Aku tidak pernah tau, kenapa semua ini bisa terjadi. Semua mengalir begitu saja dalam kehidupanku tanpa aku pernah sadari. Berawal dari hal yang tidak biasa, semua berawal dari suatu wawancara. Wawancara yang sebenarnya hanya meminta suatu informasi sealakadarnya demi memenuhi suatu tugas di masa awal kuliah.

Dari situ, aku mulai sedikit mengenalmu. Tapi tak pernah terbesit bahwa perkenalan itu adalah awal mula semua ini. Semua yang pada akhirnya tidak sesuai dengan apa yang diharapkan. Semua yang sudah direncanakan, namun belumm mendapat persetujuan dari Sang Maha Pengatur Kehidupan. Semua yang mungkin akan menjadi salah satu kenangan, sama seperti yang telah terlewati begitu saja.

Mengenalmu bukan menjadi suatu prioritasku dulu, kita tak pernah bertemu sebelumnya. Hanya pertemu pada momen dimana menjadi kewajibanku untuk menularkan suatu ilmu kepadamu. Walaupun begitu, tetap tidak ada hal yang membuatmu menarik untuk diperbincangkan apda awalnya. Hingga suatu saat "rasa" itu tiba-tiba datang dalam segelintir rutinitasku.
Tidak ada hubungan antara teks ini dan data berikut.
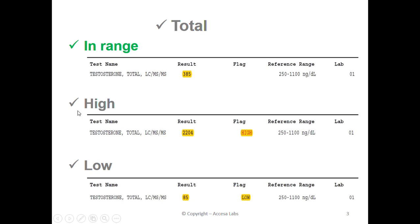Now we will look at a high result. Once again, we will look under the result heading for our numerical result. This sample report has a result of 2204. You may also notice a high notation under the flag header. Based on Quest Diagnostics reference range, any result greater than 1100 represents a high result.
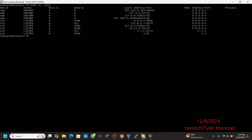Let's see if we do ss -ltun — the switches for listen, TCP, UDP, and don't resolve names. So it automatically started and it's on 0.0.0.0, meaning all interfaces with an IP address can be used to reach ntopng. It's a server process listening on TCP port 3000.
Memang sempat hilang rasa itu seiring perjalanan ini. Walaupun sempat "singgah" pada pandangan lain, sekali lagi, "rasa" itu kembali untuk mempertanyakan sesuatu yang belum pernah aku jawab.

Lambat laun, semakin dipahami, rasa ini semakin menjadi, semakin juga menggugahku untuk mencoba memasuki "kehidupanmu". Memulai mencari alasan, kenapa rasa ini harus diperjuangkan, dan mencari jawaban tentang bagaimana rasa ini bisa tumbuh menjadi sesuatu hal yang tak menentu.

Advertisement

Menjadikanmu salah satu lantunan dalam doa disetiap sujudku, mulai menjadi suatu kebiasaan yang aku lakukan.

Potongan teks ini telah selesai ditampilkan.